One hundred universities were involved in the final project, drawn from Algeria, Egypt, Iraq, Palestine, Lebanon, Tunisia and Morocco. Within each nation, the authors gathered a diverse group of universities, including public, private, old, new, and comprehensive and specialized institutions. The institutions included the American University of Beirut, the venerable private university in Lebanon, Hassan II University, a comprehensive national university in Casablanca, and the Mediterranean Business School in Tunis, a young, small private institution specializing in business and management.
One of the initial challenges was simply to come up with a methodology for measuring university governance, which varies both across and within countries. The World Bank focused on five areas: context, management, participation, accountability, and autonomy. Context refers to how well defined the university’s mission is and the process undertaken to establish it. Participation refers to how involved different stakeholders are in the university’s decision-making process. Participating universities were asked to carry out a questionnaire of 45 questions, covering each of the five dimensions.

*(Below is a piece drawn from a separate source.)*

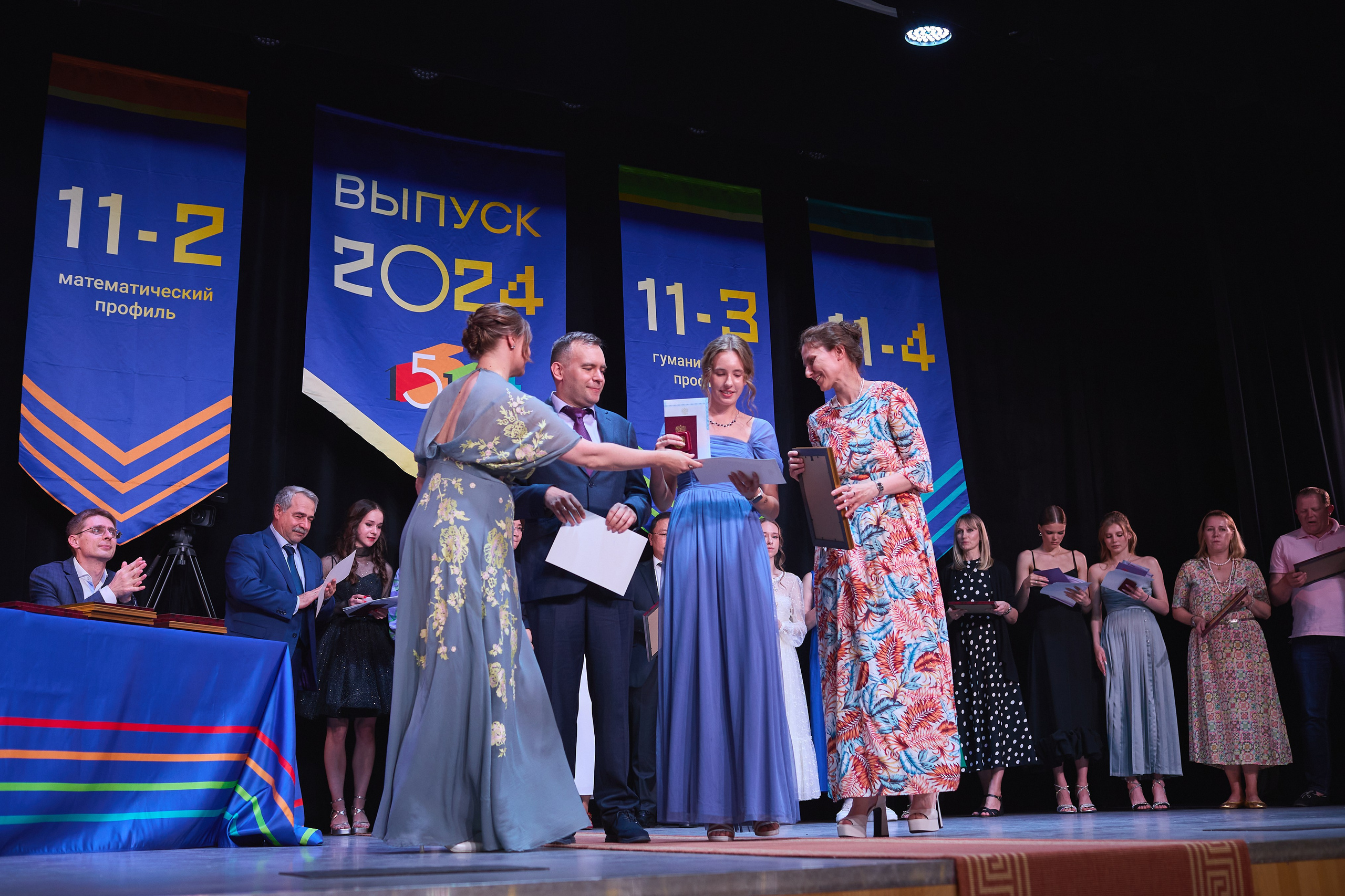 Выпускной 2024. Александр Осин — корпоративный и семейный фотограф в Москве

Karma El-Hassan from the American University of Beirut said that thinking of governance along five dimensions “really broadened our understanding of what governance is, and alerted us to the importance of participation in governance,” explaining that listening to the voices of students and employers in governance was not something that they had previously made a high priority of.
The book finds that university governance generally falls into two broad models of governance – public and private. Public universities typically have well-articulated formal missions, but low autonomy and lower levels of accountability. Private universities and those public institutions following the private model generally have loosely defined missions but high levels of autonomy and accountability. The report also says ten universities in the region have scored high marks on all five dimensions of governance and called them “good governance universities.” The institutions were not named. These good governance universities came from both public and private sectors and were found in a number of different countries. Seven of them were public universities, of which five were located in Morocco, one in Egypt and one in Palestine, along with three private universities in Lebanon.
“It is important that in the same country, we have high performers, high accountability and the low performers, so it’s not about national policy, it’s about management,” Jaramillo stated. In response to the project, universities throughout the region have undertaken reforms such as developing their own strategic plans, introducing new policies for tuition and faculty pay, and reforming human resources and management practices. But many of them still run into national obstacles that make improvement difficult: Universities in Morocco, for instance, are obligated to take on many new students by the country’s demographics and policies but also have a mandatory retirement age for professors at a time when replacing those professors will be difficult.
Based on the five criteria, the project also produced a screening card for each university and the trends in each nation, which allows universities to compare their governance model with their counterparts in other nations. The authors stress that the screening card is not the same as a ranking system.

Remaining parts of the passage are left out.